While Hopper’s core feature is to watch trips you’re interested in and alert you when it’s time to purchase, head of product Maggie Moran says that its recommendation engine is also becoming popular. This tool will take the flights and dates you’ve requested and make suggestions. “If you want to go to Paris in June, it might say check out September instead,” she offers. According to its data, Hopper says people are becoming increasingly flexible with their travel plans. Hopper has made more than $1 million in sales off the recently added recommendation feature.

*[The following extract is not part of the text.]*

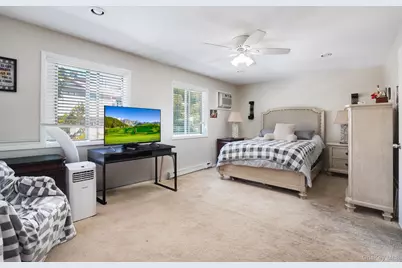 6203 Chelsea Cove N, Hopewell Junction, NY 12533 - Photo 7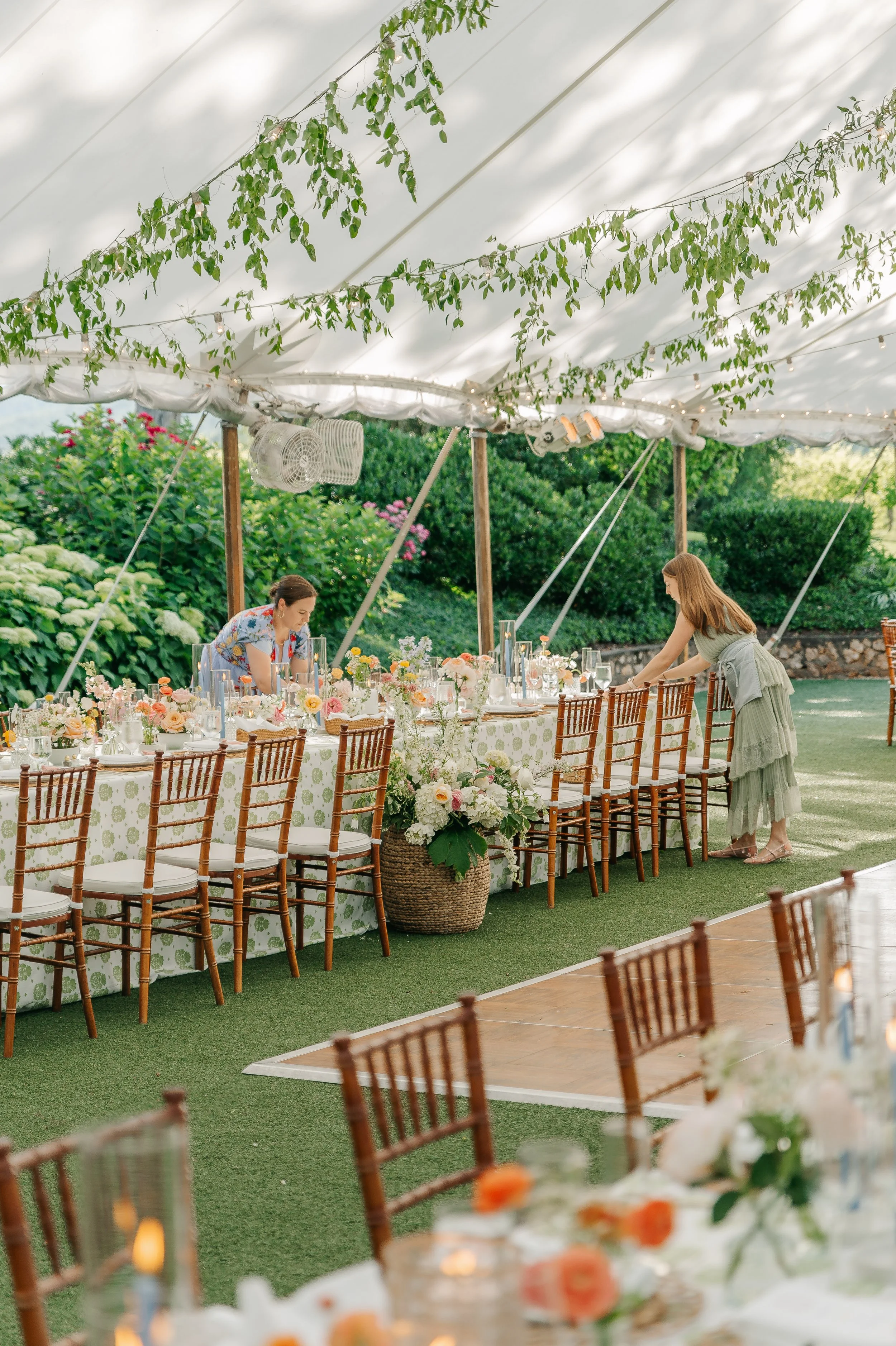 keswickvineyardsweddingcharlottesvillevirginiaweddingphotographersarahhouston-908.jpg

Hopper has an editorial and human curation team, but unlike its peers (and competitors) in cheap-flight finding, the company focuses on its algorithm and big data. “We’re confident the right way to find consumers deals is by watching in real time,” says Moran. “We’re confident we can get there in our algorithms. … If we only had humans looking for these deals, we would be losing [consumers] a lot of money.” The Hopper team also hacked together an app called GTFO (which stands for Get the Flight Out) in 2014. GTFO finds cheap, last-minute flights out of select cities. (It currently serves only Boston, Los Angeles, Chicago, New York, Seattle, and the Bay Area.) GTFO more specifically serves clients that aren’t married to a specific date or location, but purely want a deal on a trip. Hopper is the main focus now, but director of communications Brianna Schneider says GTFO is still beloved by its users, and that they might look at integrating some of its spontaneous travel features into Hopper.

Like Next Vacay and Scott’s Cheap Flights, GTFO pushes you to book flights outside of its own app; Hopper allows you to book directly. Unlike Next Vacay and Scott’s Cheap Flights, though, “We make money through airline commissions and we also charge users a $5 booking fee,” Schneider says. “The fee is always included already in all the prices we display and disclosed in the booking details. Our users have been fine with paying the fee since the app saves them an average of $50.” Hopper doesn’t use ads, instead relying on the airline commissions and booking fees for profit.

Despite their differences, all of these models either rely on or benefit from something of an attitude shift. Instead of picking a particular place for a trip, choosing specific dates, and then going to look for flight accommodations, these services ask that you keep an open mind and let the market guide you toward a destination. “We can’t predict when a location will go on sale,” says Dittakavi. “This isn’t going to work for people who have specific needs or need to travel at specific times.” This is what keeps traditional OTAs from worrying too much about this new class of super-powered online flight-finders: We’re always going to need to book that business flight in September due to that one conference, and our agenda isn’t flexible. These new services can’t do that.

What they can do, though, is offer a thrill at major savings on the travel we actually look forward to — the vacations, the explorations of new places we didn’t even know we wanted to go to. And the idea is to turn us into disciples of their services along the way. No one wants to brag about a $345 flight from New York to Dallas on Priceline — but a $230 flight from Seattle to Milan you found in your inbox? That’s worth talking about. And booking.